La naturalezza con cui si accetta tale opacità è la stessa con cui, ormai automaticamente e sistematicamente, e ben più che in altri Paesi dell’Unione, si va dicendo che ogni sorta di riforma italiana legata al Pnrr, o di decisione politica, s’impone “perché l’Europa lo chiede, lo vuole”.

Perché l’Europa “ci sottrarrà i soldi del Recovery Plan” in caso di non adempienza. Significativo ci pare quel che Chiara Saraceno afferma nell’intervista rilasciata a Carlo Di Foggia, venerdì, su questo giornale: tutti i suggerimenti sul Reddito di cittadinanza presentati dal Comitato di esperti da lei presieduto “sono stati ignorati dall’esecutivo”, compresa la proposta di ridurre la durata di permanenza in Italia di migranti che desiderano ricorrere al Reddito: per quanto riguarda “la proposta sugli stranieri ci è stato perfino detto che era ‘improponibile’ per motivi politici e che si preferisce aspettare che sia l’Unione europea a risolvere il problema sanzionandoci”.

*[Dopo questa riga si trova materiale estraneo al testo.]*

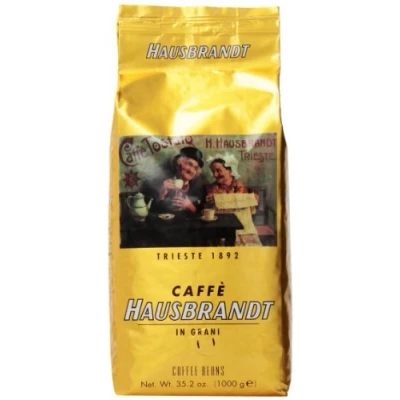 Immagine di caffè Hausbrandt Espresso (Nonnetti) in grani 1 chilo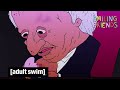 Adult swim  smiling friends   on ne mord pas mr boss s01e01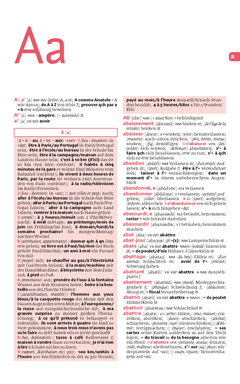 Dictionnaire Le Robert & Collins Maxi Plus allemand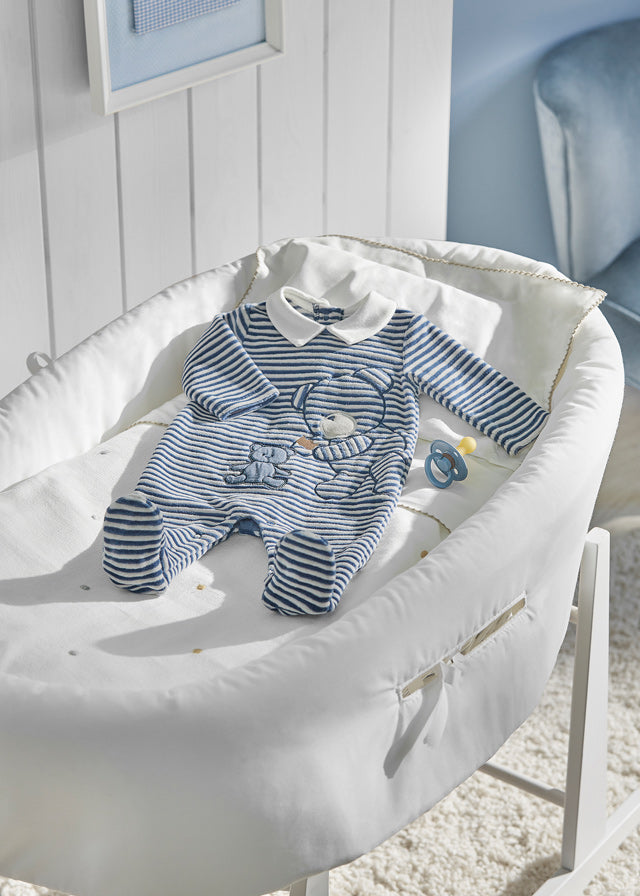 Tutina Righe Ciniglia Winter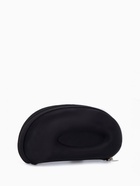 Футляр для очков на молнии, длина 17 см, с узором, чёрный - Фото 3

Ecco come stiamo messi in Europa, nei rapporti con i singoli Paesi alleati, e di certo anche nella Nato: siamo lì in attesa di “annessioni”, di ordini, sperando in sanzioni il giorno in cui si constaterà che abbiamo sbagliato o i conti o le leggi.

Perfino la data delle elezioni viene fatta entrare nelle chiuse stanze dell’opacità che decidono, in segreto e chissà in quale sede, dei nostri destini.

In questi mesi che precedono la scelta del successore di Mattarella non si parla d’altro: delle elezioni, anticipate o no. Se ne parla nei giornali, nei talk show. Ma aggiungendo ogni volta, sotto forma di monito o di leak, che “l’Europa le elezioni proprio non le gradirebbe”. Perché? In vista di quale guerra incombente, che impone di ignorare le procedure costituzionali e di tener cucite le bocche e le urne?